▶ [Dataset records]
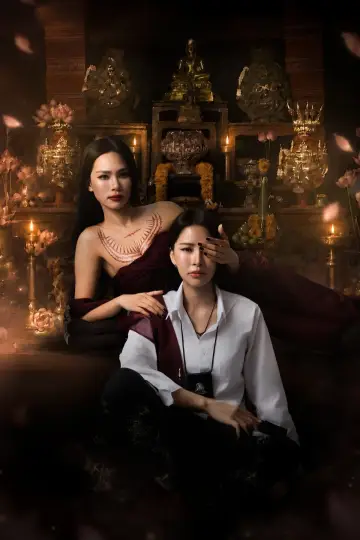 Постер до серіалу "ข่มขลัง" #1586266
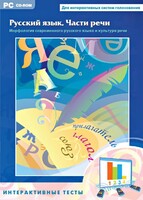 Интерактивные тесты. Русский язык. Части речи - fgospostavki.ru - Сочи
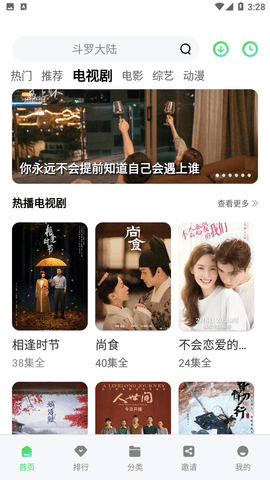 竹叶视频截图1
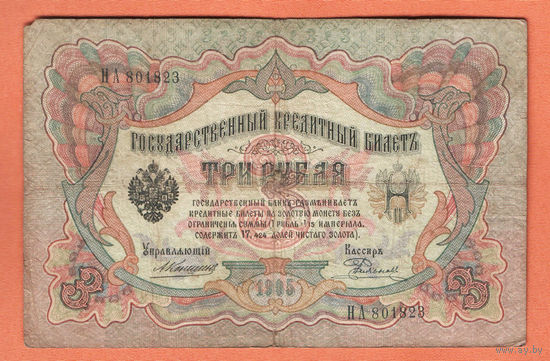 3 рубля 1905 Коншин Родионов НА 801823 #0116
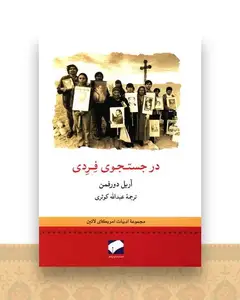 در جستجوی فردی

▶ [Your instructions]
Copy out each line of the data exactly as it reads; skip the pictures.

▶ [Solution to the exercise]
 Постер до серіалу "ข่มขลัง" #1586266
 Интерактивные тесты. Русский язык. Части речи - fgospostavki.ru - Сочи
 竹叶视频截图1
 3 рубля 1905 Коншин Родионов НА 801823 #0116
 در جستجوی فردی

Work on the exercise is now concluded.